Danielle Fulmer, a Notre Dame Ph.D. student in sociology and peace studies, has received a three-year graduate research fellowship from the National Science Foundation (NSF) to study the impact of women on community-level peacebuilding efforts in Rwanda.
Fulmer, a first-year doctoral student, will focus on how the participation of women in local peacebuilding efforts affects their long-term effectiveness.
“Academics and practitioners alike agree on the importance of including women in peace processes, and the role of gender inequality as a risk factor for violent conflict,” Fulmer said. “Community-level peacebuilding efforts are crucial for social change, but more research is needed to understand how these efforts affect conflict recurrence and gender equality over the long term.”

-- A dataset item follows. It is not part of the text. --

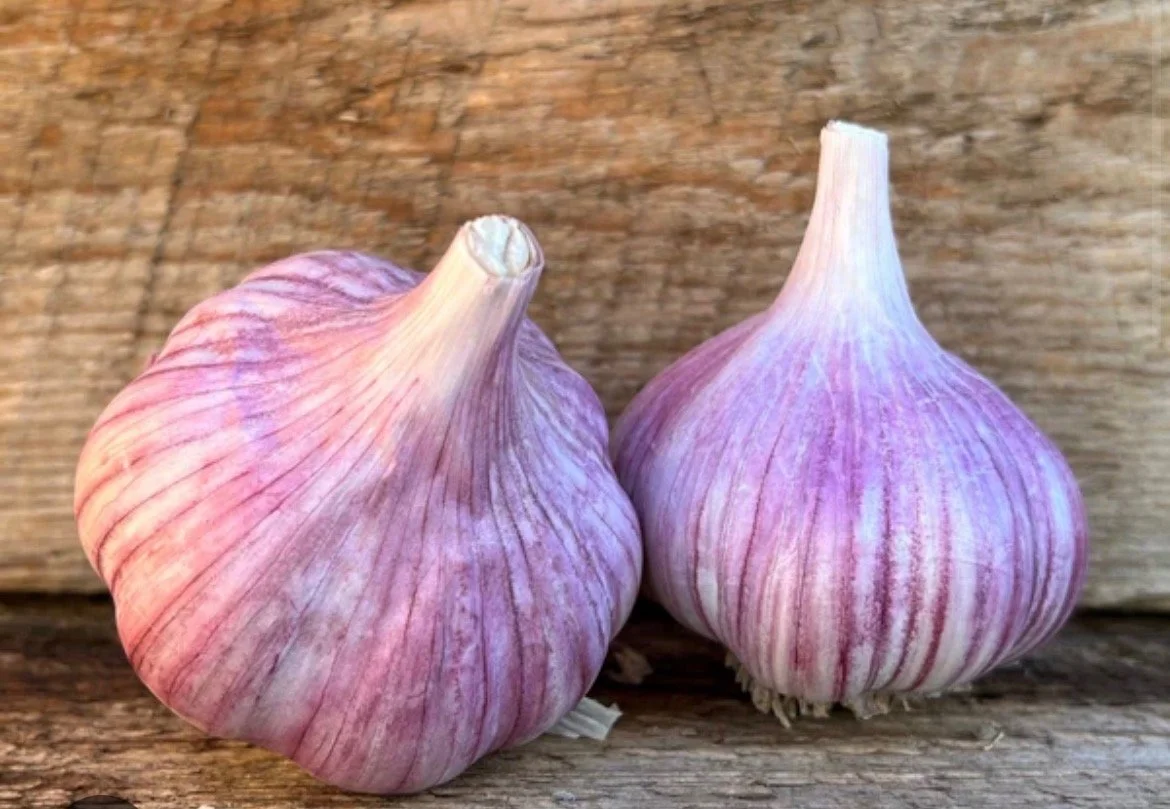 Chesnok Red - Garlic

Rwanda is an ideal locale for a case study because it has more women in the national legislature (56.3%) than any other country, Fulmer said, signaling that gender-inclusive peacebuilding efforts have been institutionalized.
Fulmer will conduct individual interviews and observations in four Rwandan communities, comparing communities that have women actively engaged as peacebuilders with those that do not. She also will study differences that emerge between rural and urban communities.
“Danielle’s research addresses one of the cutting-edge areas of peace studies — the role of women in interventions following armed conflict,” said Ann Mische, associate professor of sociology and peace studies, who serves as Fulmer’s advisor. “This award shows that the social science community acknowledges its importance.”
Fulmer began her doctoral studies at the Kroc Institute in the fall of 2013. Currently, 26 students are pursuing Ph.D. degrees in anthropology and peace studies, history in peace studies, political science and peace studies, psychology and peace studies, sociology and peace studies, and theology and peace studies.